No es de extrañar que en nuestro paisito ya nadie abriga la esperanza de cambio. Los cabros se han adueñado del sembradío de las lechugas y el resto de nosotros sentimos que ningún partido es capaz de revertir la entrega del país a los políticos de carrera que, sin credenciales, compromiso, ni pudor, se acomodan como los mercaderes del templo a esperar que llegue el maná del norte para distribuírselo con muy poco disimulo.
No es de extrañar que tantos se estén yendo a ese norte que se acaba de colocar la pistola del totalitarismo en la sien y amenaza con disparar si protestamos demasiado. No es de extrañar que tantos de nosotros que tenemos hijos allá o, preferíamos que en Europa —a manera de esperanza civilizada ante la degradación de la vida civil de los EEUU— les decimos que se queden por allá, que acá no tienen nada que buscar, que esto va de mal en peor y que no hay quien lo arregle, no hay en quien creer, que no hay cómo darle respiración artificial a la esperanza.

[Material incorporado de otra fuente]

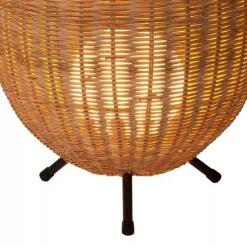 Grote rotan tafellamp naturel met zwarte pootjes><noscript><img width=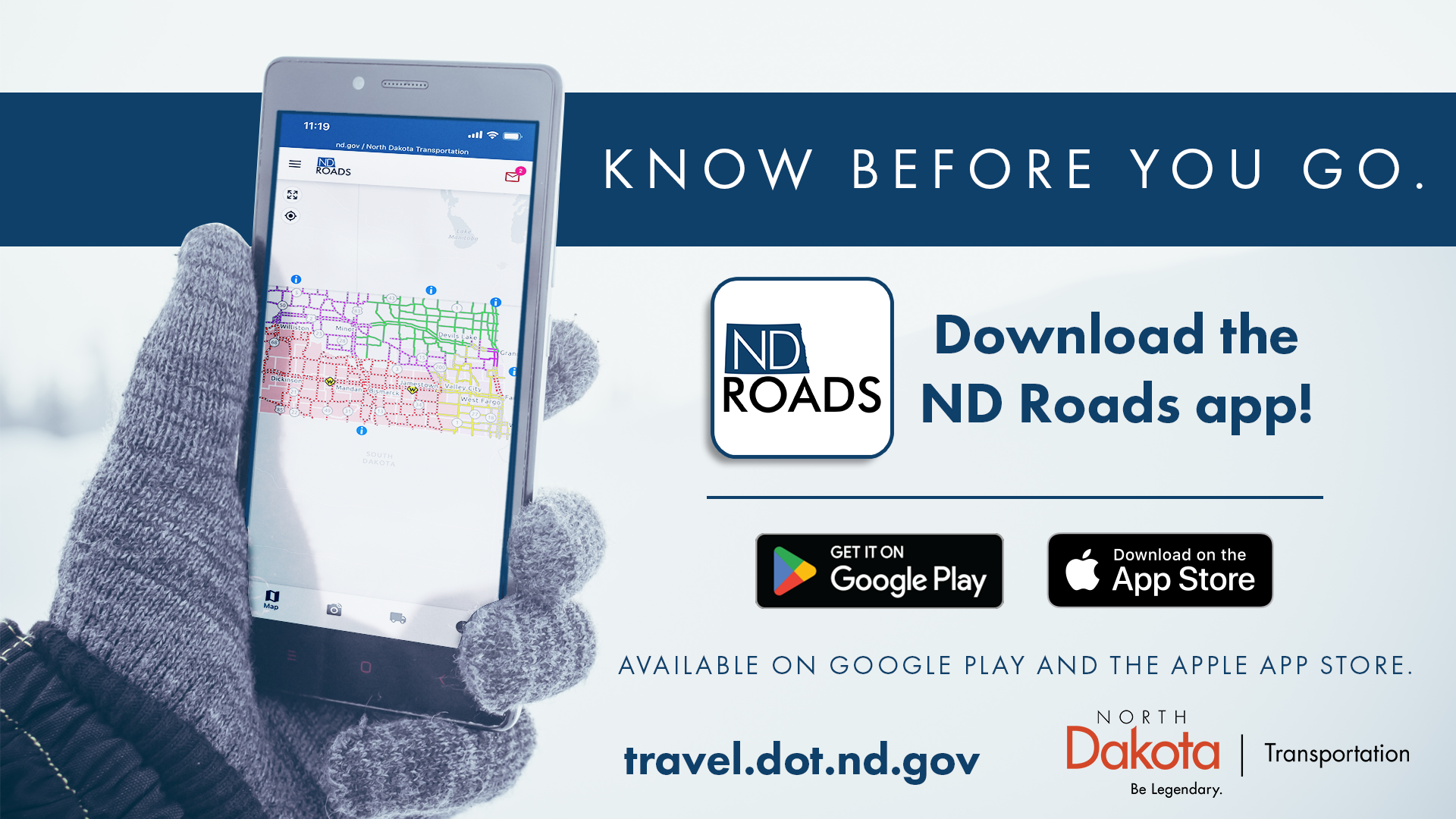 Know before you go graphic. ND Roads app ad.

Los eventos de esta semana me han dado duro. Pero prefiero desahogarme y comenzar de nuevo, alertando a mis estudiantes, provocando a mis amistades, denunciando a quienes no les importa la desgracia ajena. Por eso escribo. De esta forma no me rindo. Así me consuelo pensando que quien me lea comparta la ilusión, el anhelo, el deseo de que el mundo de nuestros nietos sea mejor que el nuestro y aun el de nuestros hijos.
De la esperanza vive el cautivo y hoy me siento cautivo de la esperanza.